Der wechselweise auf Mallorca und in Mainz lebende Heidel ist am Montag von der Baleareninsel nach Deutschland geflogen und soll bereit für eine zweite Amtszeit sein. Nach Angaben der Bild-Zeitung saß er lange mit Hofmann und Höhne zusammen. Letzterer galt nicht als Heidel-Intimus, fürchtet jedoch um seine Wiederwahl bei der virtuellen Mitgliederversammlung am 9. Februar. Heidel soll den gesamten Klub beruhigen.

Unklar blieb, ob Trainer Lichte zum Pokalduell gegen Bochum auf der Bank sitzt

Der Heilsbringer stellte offenbar eine Bedingung: Alle im Verein müssen „dafür sein, dass er zurückkommt“, hieß es. Dass Schröder die Inthronisierung Heidels als Beschneidung seiner sportlichen Kompetenzen begreifen muss, liegt auf der Hand. Der gebürtige Sauerländer hatte Anfang November allerdings gesagt: „Wir haben alle ein hervorragendes Verhältnis zu Christian Heidel, der mich 2016 geholt hat, schätzen ihn sehr und wissen, dass er den Verein aus dem Effeff kennt.“ Schröders Vertrag läuft bis 2024, eine Entlassung kann sich der Tabellenvorletzte kaum leisten.

Heidel muss vor allem einen dritten Fehlgriff bei der Trainersuche verhindern.

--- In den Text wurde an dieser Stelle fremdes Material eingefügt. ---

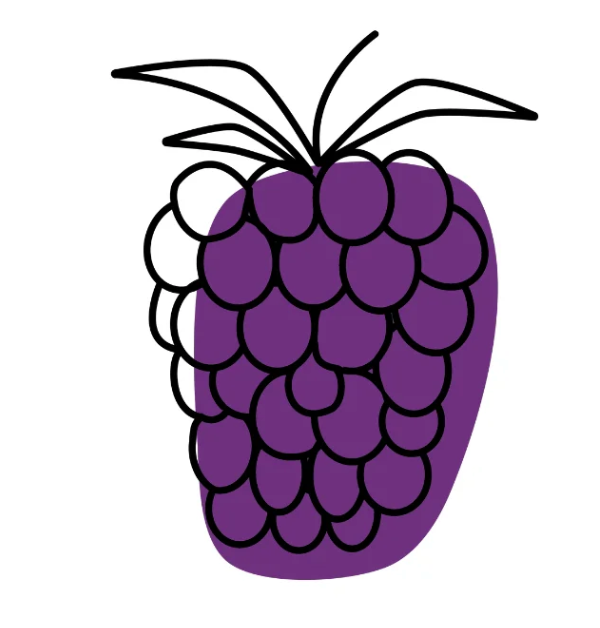 Wicked Good Blackberry Jam 11 oz. (Laurel Hill) OL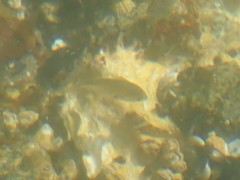 Cymatogaster aggregata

Denn sowohl der noch bis 2022 laufende Langzeitvertrag mit dem nach zwei Spieltagen entlassenen Achim Beierlorzer als auch das lange Festhalten am beförderten Assistenztrainer Lichte werden seinem vermehrt kritisch beäugten Nachfolger angelastet. Schröder, 44, hatte am Samstag eine Trennung von Lichte angedeutet: „Das Spiel und die Situation können wir so nicht stehenlassen.“ Dass der blasse Fußballlehrer mit seiner zögerlichen Art, die sich auch auf die Mannschaft übertrug, über das Jahr hinaus keine Zukunft haben würde, war ausgemachte Sache. Fraglich blieb zunächst, ob Lichte zum Pokalduell gegen Bochum auf der Bank sitzt.

Solch ein Durcheinander beschädigt das Image der Nullfünfer. Der lange für seine geschickte Nischenarbeit geschätzte Klub hat viel Renommee verloren. Der Spielerstreik vor einem Vierteljahr, als Kommunikationspannen über einbehaltene Gehaltsanteile zu einem Zwist mit den Kickern führte, hat selbst in der Fanszene für Kopfschütteln gesorgt. Dort wird derzeit gespottet: Selbst wenn Publikum erlaubt wäre, müssten die Profis momentan vor leeren Rängen spielen.